**YOUR OBJECTIVE**
Although the data below contains pictures, output only the lines between those holding "a woman's arm" and "Three Adorably Friendly", inclusive, exactly and without those pictures.
>>>
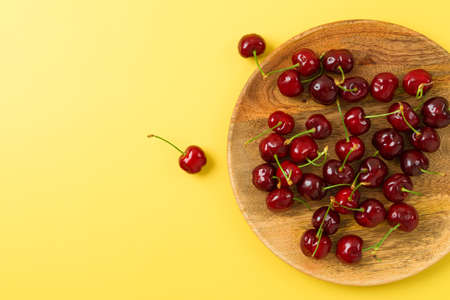 Summer food concept. Red cherries in wooden plate over yellow backgroundの写真素材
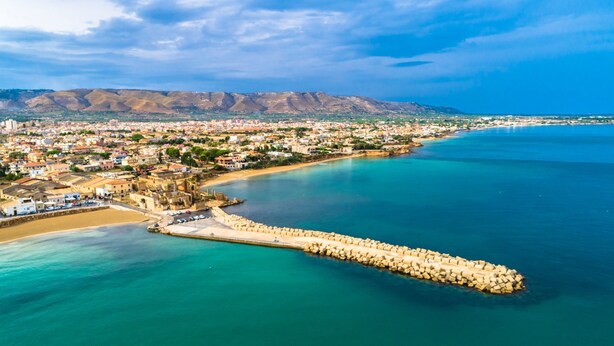 Vista aérea de un pueblo costero con un muelle destacado que se adentra en el mar, rodeado de edificios y un telón de fondo montañoso.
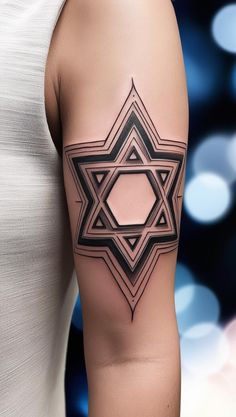 a woman's arm with a tattoo on it and an image of the star of david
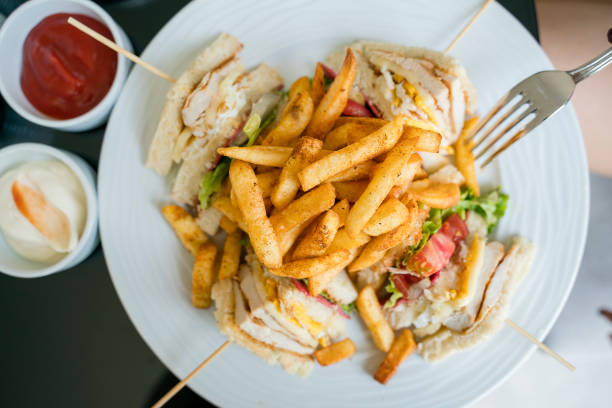 french fries chips with club sandwich on plate, directly above - club sandwich sandwich french fries turkey imagens e fotografias de stock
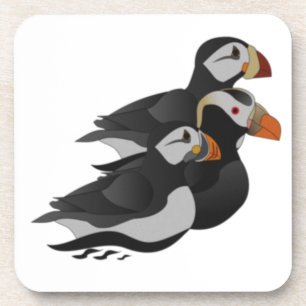 Three Adorably Friendly Puffins Swimming Cartoon Coaster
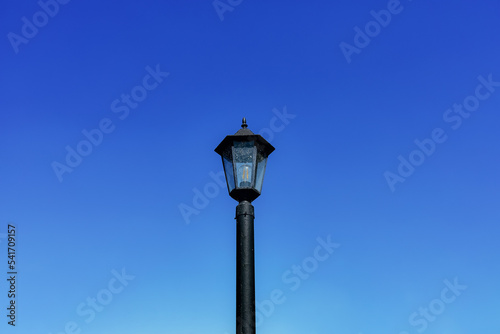 Dirty black lamppost with an electric bulb against a bright blue daytime sky. Horizontal background with sky and vintage city electric lantern in close-up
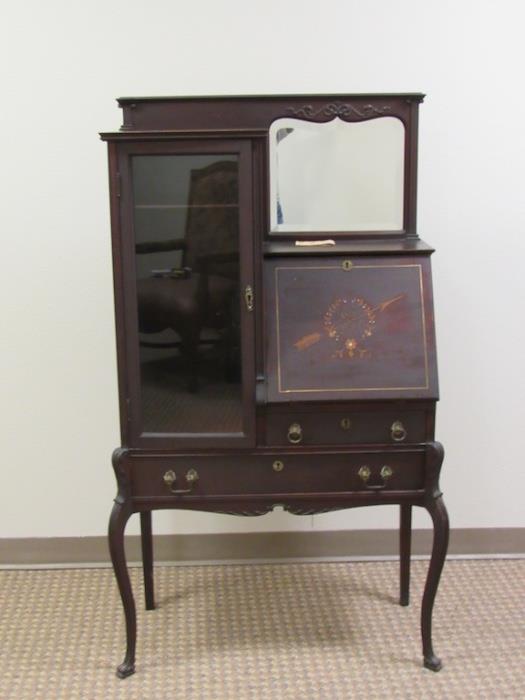 American Edwardian cabinet...early 20th century mahogany slant front secretary/china cabinet. Features beveled mirror inset above slant-front writing section inlaid with garland & arrow. Interior has pigeon holes and a small drawer flanked by a glass inset door...Sits on cabriole legs and pad feet.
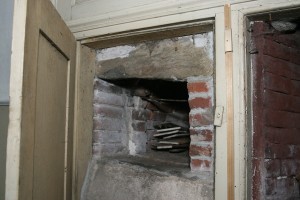 Old Kitchen, bake oven. Originally a removable door would have covered the opening to the beehive oven to trap the heat in it when in use.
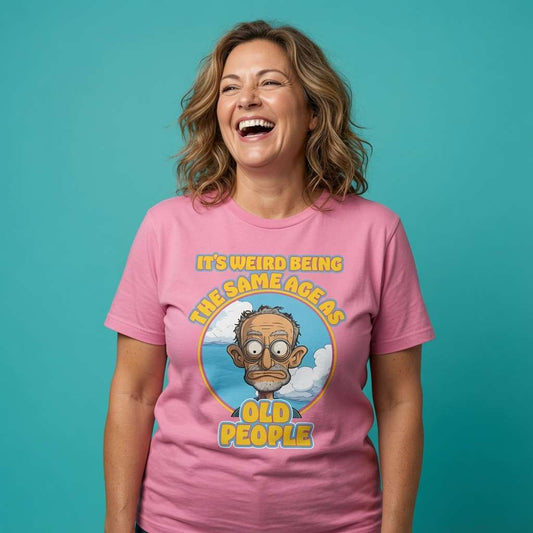 Woman laughing while wearing a pink It’s Weird Being The Same Age As Old People t-shirt, witty ladies funny old banter graphic design full of pure attitude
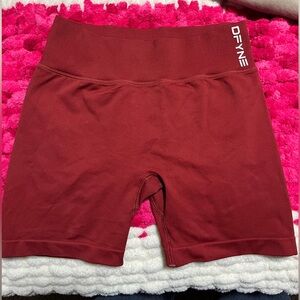 Women's DFYNE red shorts worn once.  size XS    Price= $50.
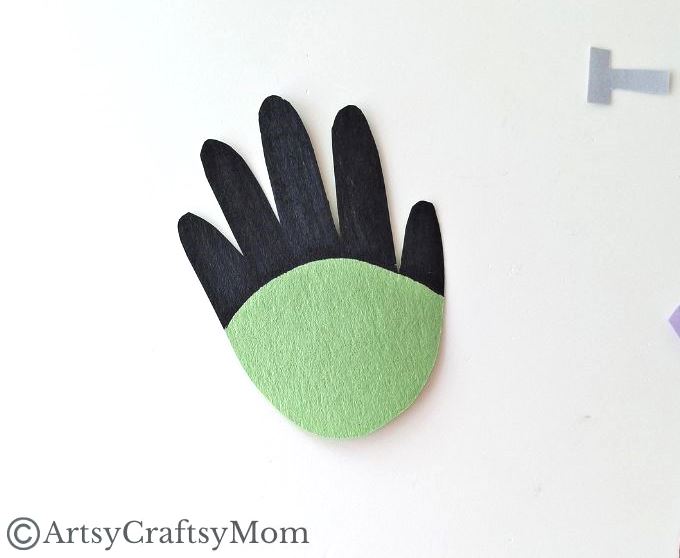 This handprint Frankenstein craft is super easy for kids to make - it's not at all like Dr. Frankenstein struggling to put together his monster!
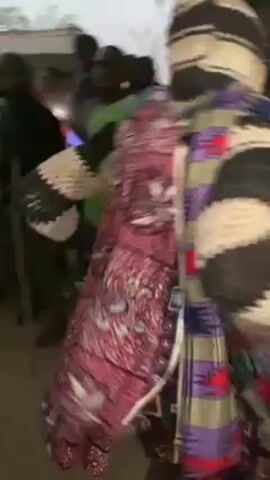 A group of people are gathered in what appears to be an outdoor event. Many are dressed casually, while one individual stands out in a colorful, patterned outfit, including a distinctive striped and patterned hat. This person is moving energetically, possibly dancing. Some people are taking photos or videos with their phones. The background suggests a village setting, with trees and buildings visible. The weather seems overcast, contributing to the slightly muted lighting of the scene.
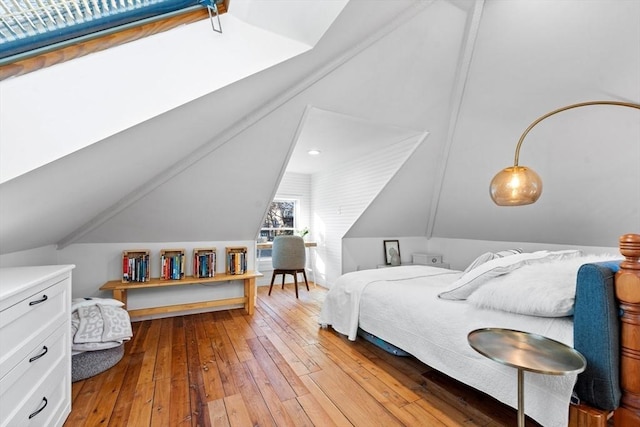 bedroom with vaulted ceiling and light wood-style floors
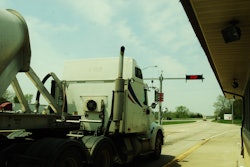 Semi-truck stopped at a scale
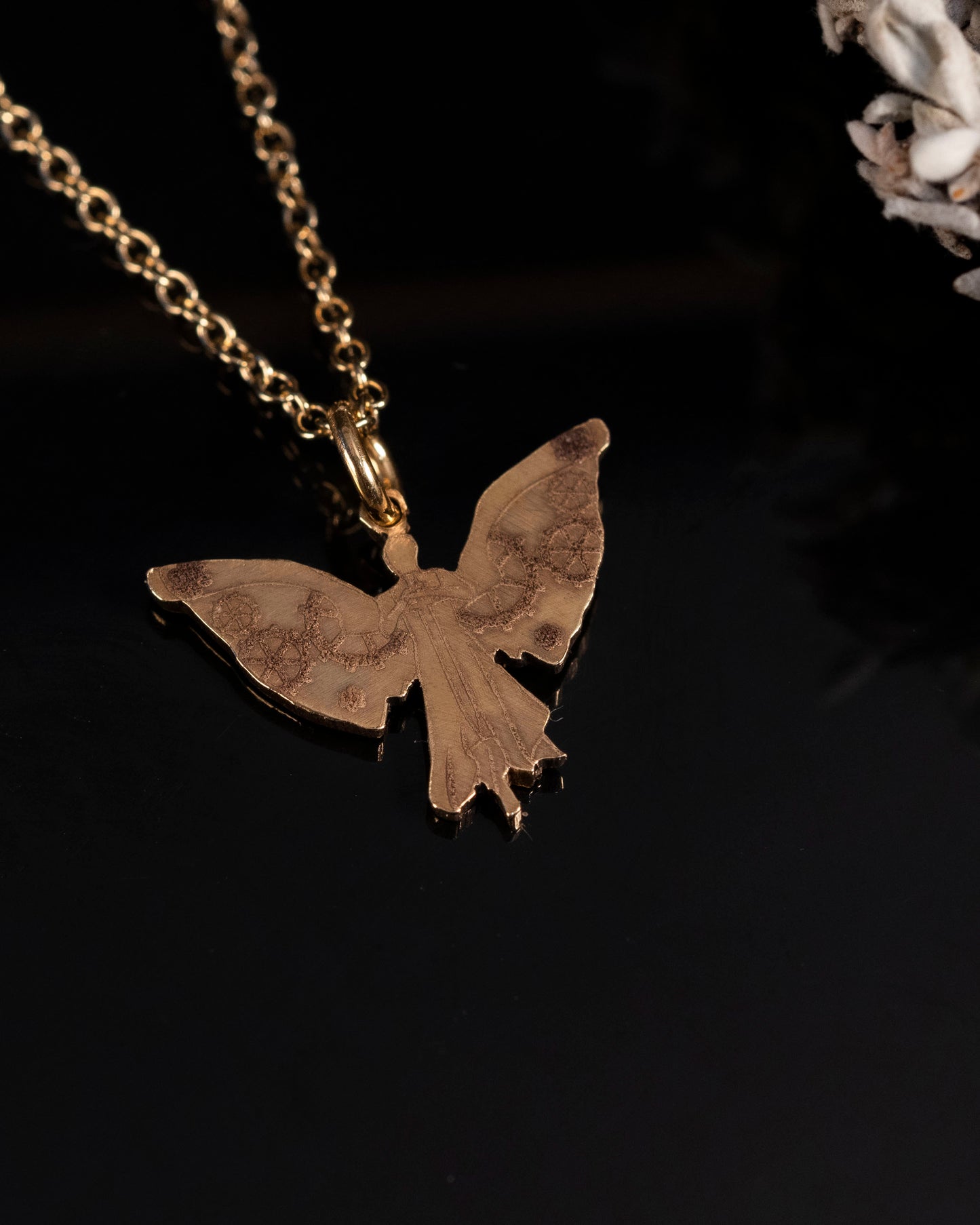 Close-up of the laser engraved details on the brass Clockwork Angel pendant
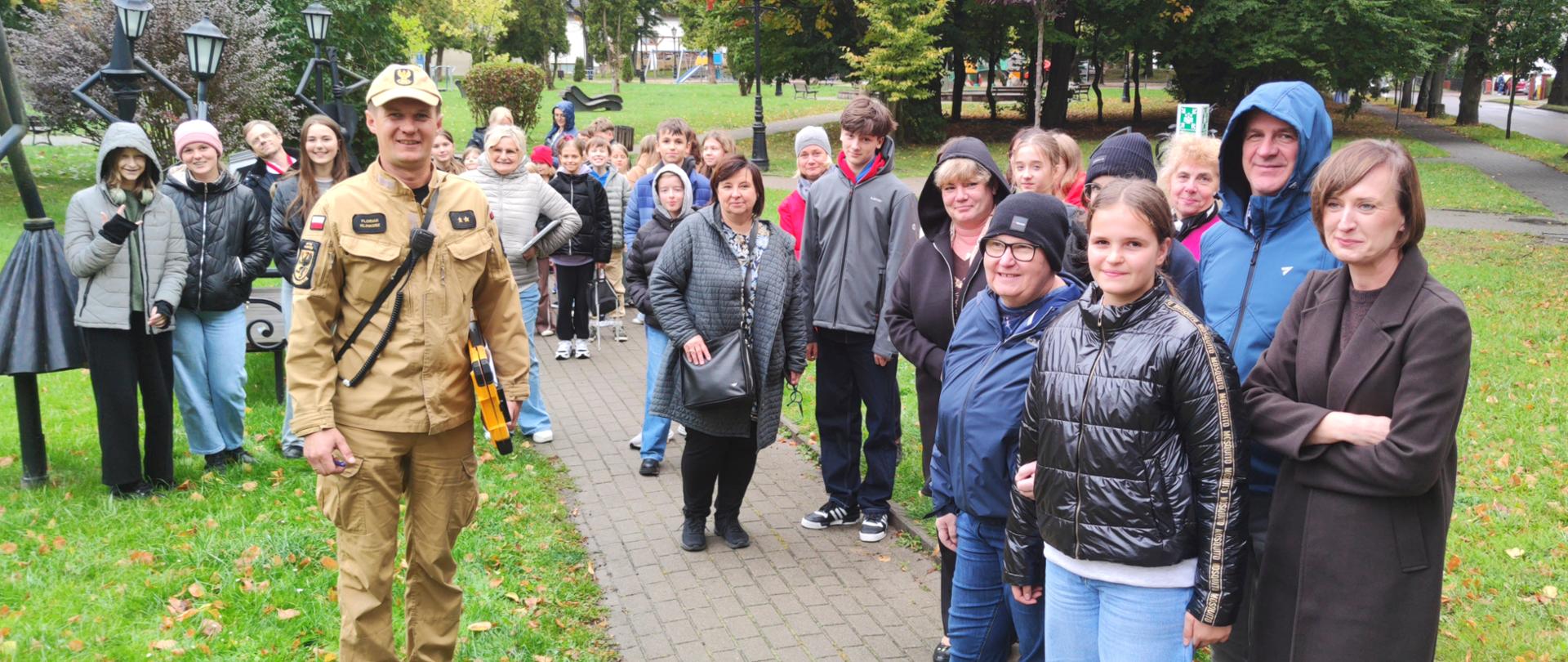uczniowie, nauczyciele i strażak stojący przy punkcie zbornym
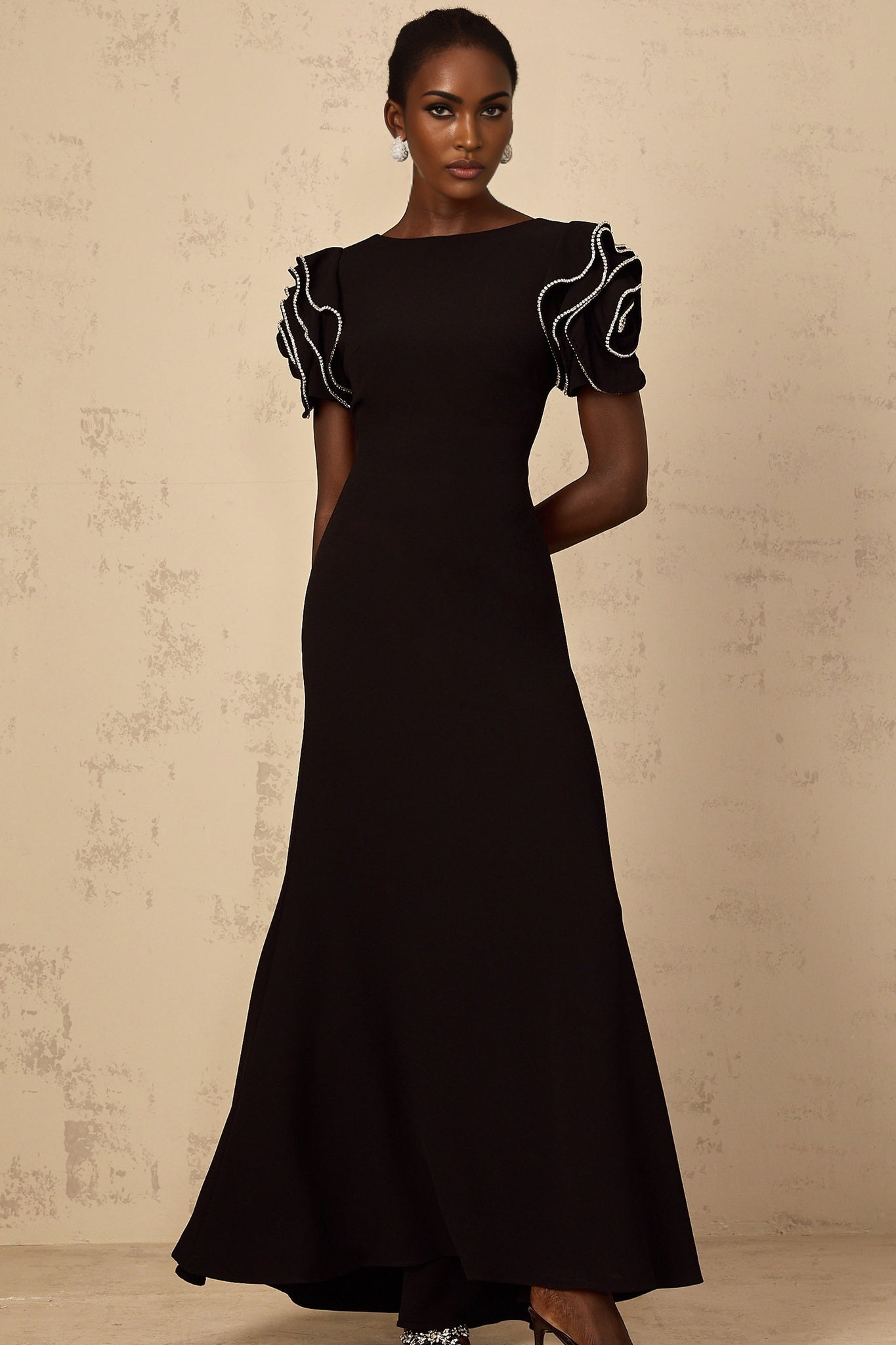 A black maxi dress with ruffled details and embellishments featuring a long flowy silhouette and elegant design by Bruyere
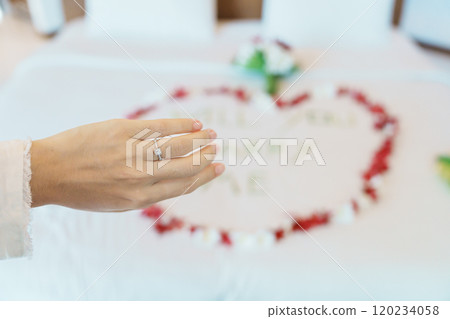 Woman hand wearing a diamond ring after say YES with message WILL YOU MARRY ME made of flower petals with bouquet on bed. Idea for marriage proposal, romantic surprise, wedding and engagement concept 120234058
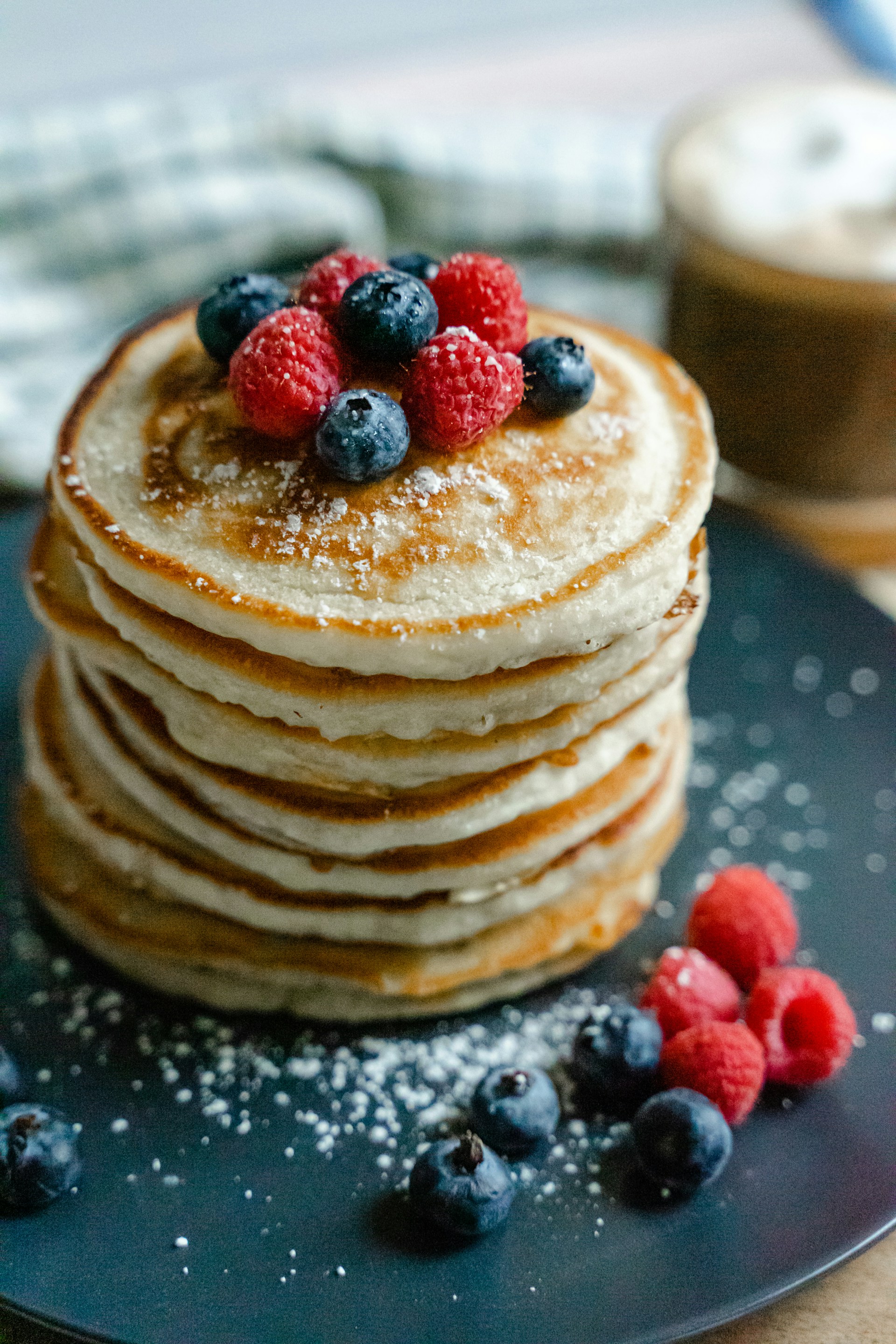 A plate of delicious pancakes with blueberries and raspberries | Source: Unsplash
<<<
**EXERCISE OUTPUT**
 a woman's arm with a tattoo on it and an image of the star of david
 french fries chips with club sandwich on plate, directly above - club sandwich sandwich french fries turkey imagens e fotografias de stock
 Three Adorably Friendly Puffins Swimming Cartoon Coaster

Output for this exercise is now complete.